July 24, 2006

The Edge of Wisdom

„Katra gudrība, kas ir augstāka par Tavējo, šķiet dumja”
“Every wisdom that is higher than yours will seem foolish”
/Rev.Juris Rubenis, in Latvian/

It’s always good to keep in mind the above sentence when we rush to judge others’ views. Especially the worldview that are in a conflict with your own.

Tracing V. Ramachandran and mirror neurons on the net, I have stumbled across a rich collection of ideas formulated (mostly) by exceptionally strong intellects. The site is www.edge.org and it defines itself as a mouthpiece of the “third generation intellectuals”. A layman like me would immediately wonder who those people are. The “about” section on Egde.org defines the “third generation” as accomplished scientists who care about the fundamental problems of society and knowledge, and who are ready to actively engage in educating and challenging the seeking public. So far so good.

A first pick from the surface of Edge.org indeed delivered fascinating and “ideaful” reading. I’ve read through a part of the World Question Center – a collection of short essays by highly accomplished intellectuals on specific provocative topics (each year features its own question). Here are just a few that I’ve liked the most:

For physicists, I recommend a short answer of Philip W. Anderson to What do you believe is true even though you cannot prove it? (World question’05), which makes a very important point. It is best understood in the context of “The Theory of Everything” by Laughlin and Pines, but also needs to be balanced against an educated pro-string opinion, like Leonard Susskind’s Dangerous idea (World question’06).

Two comments from a different sphere address the “dangerous questions” we were recently discussing with some of my friends: an honest look at the problems of democracy as a state-organizing principle by Haim Hariri, and a perspective on the weaknesses of the free will concept by Clay Shirky.

However, after my first excitement started to wane, I’ve noticed a strange and unpleasant bias of the Edge. The emphasis on “the empirical world” in the very definition of the site is quite ok – after all, if you gather the representatives of the natural sciences, how else would you define their methodology? Positioning the third generation as antagonistic to the “monopoly of literary intellectuals” sounded a bit strange, but given my ignorance in such a topic, could still be absolutely neutral. But then in several places I came across the painfully familiar “evolved-not-designed” emphasis… High correlation between the list of Edge contributions and the signatories of the latest Humanism manifesto just confirmed my suspicion – the famous “prejudice against any prejudice” of rationalism seems to be an entry requirement for Edge.org contributors.
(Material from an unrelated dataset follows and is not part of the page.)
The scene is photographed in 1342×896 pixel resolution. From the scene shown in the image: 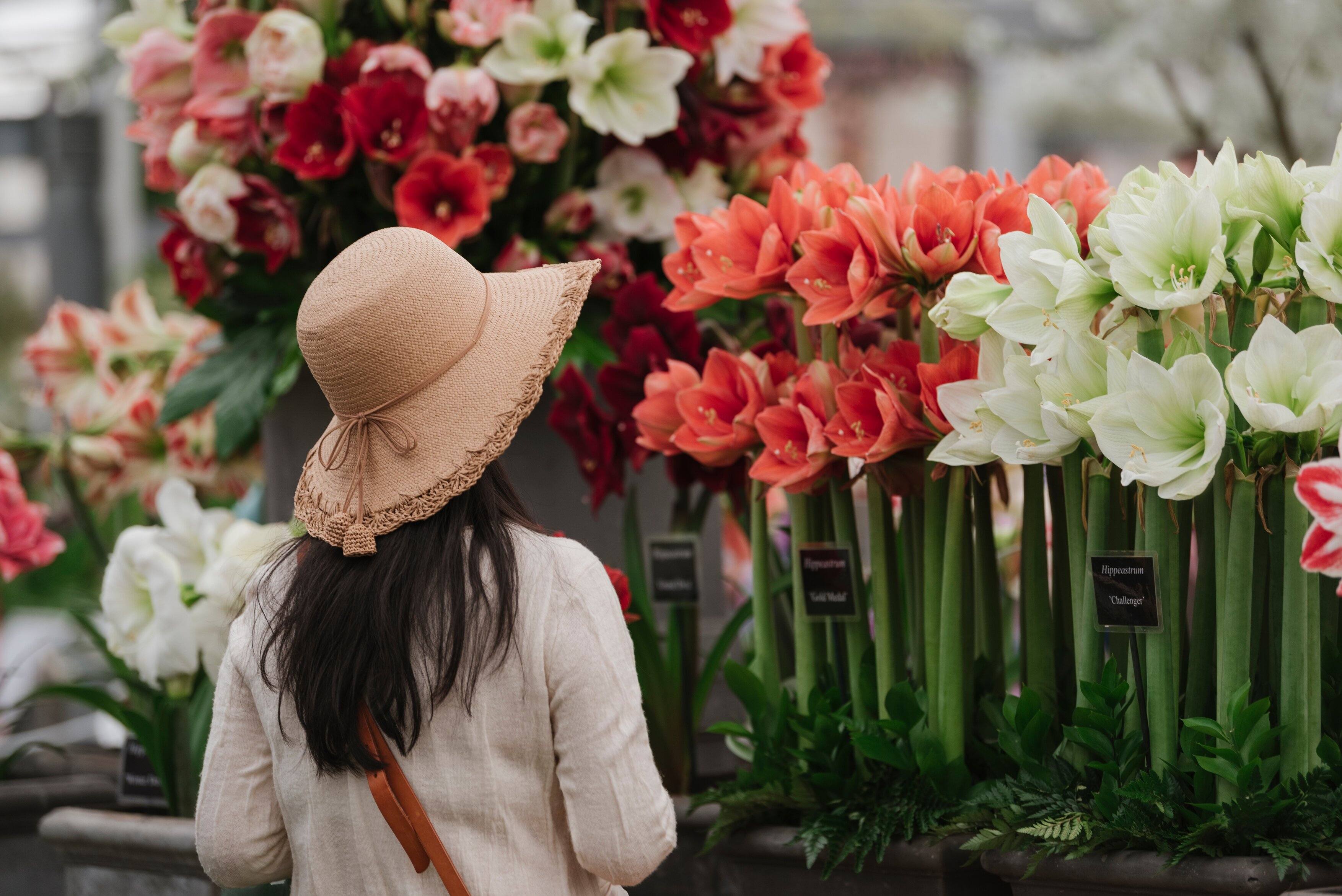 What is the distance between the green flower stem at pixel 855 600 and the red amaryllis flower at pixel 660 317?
0.27 meters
Sadly enough, the illnesses of modernity “science-implies-atheism” and “religion-implies-ignorance” penetrate even the most intellectually refined communities. 

2 comments:

DimaD said...

First, I would correct the english translation of the epigraph from "will seem" to "may seem". Unfortunately, for a person not open to a new knowledge (as most of us are, at least in some directions of thought), "will" is a better guess.

Concerning, how tou call it, "evolved-not-designed" topic, I would not expect to hear something different. You see, the interviewed are scientists, specialists (and not "generalists", as Edwin Salpeter calls himself).

And any specialist in one branch of science is almost necessarily not knowing what happening in other, far from his interests, branch. As a simplest example, I would give "physicist vs. barber" (assuming that a good barber is an artist + skills).

So, I think that normal scientist should only express his thougths as "this is explained by the theory" and "this is at the moment not understood" and not forget that he is specialist only in his own branch.

And for those searching for "intelligent design" I would suggest to search for intelligence (and God) in themselves. Physics is yet far from being complete and actual knowledge and state of some theories may not yet represent the Nature.

Good luck!

Slaviks said...

DimaD, thanks for your comment!

Both caution and curiosity are indispensable in a quest for knowledge.

I agree that specialization of (single person's) knowledge is inevitable, and every scientist necessarily a will occupies a certain place within the specialist-generalist continuum. It is the responsibility of the specialist not to overstretch his ideas and be constantly mindful of their limits.

But there is something positive in the temptation to leap over the boundaries of the "firmly proved". The desire to have a coherent worldview should not be humbled by the obvious (and severe!) limitations of our small established islands in the ocean of unknown.

Here is the definition from the article of Edwin Salpter that you mention, "A generalist is a person who learns less and less about more and more subjects, until he knows nothing about everything." I see it as a brilliant piece of self-criticism, but hardly as an example to follow.

Finally, as for the imprecision of the translation, it does not exceed the original quote uncertainty induced by my aging memory. The reader should choose according to his own feelings and context. But thanks for correcting me anyway!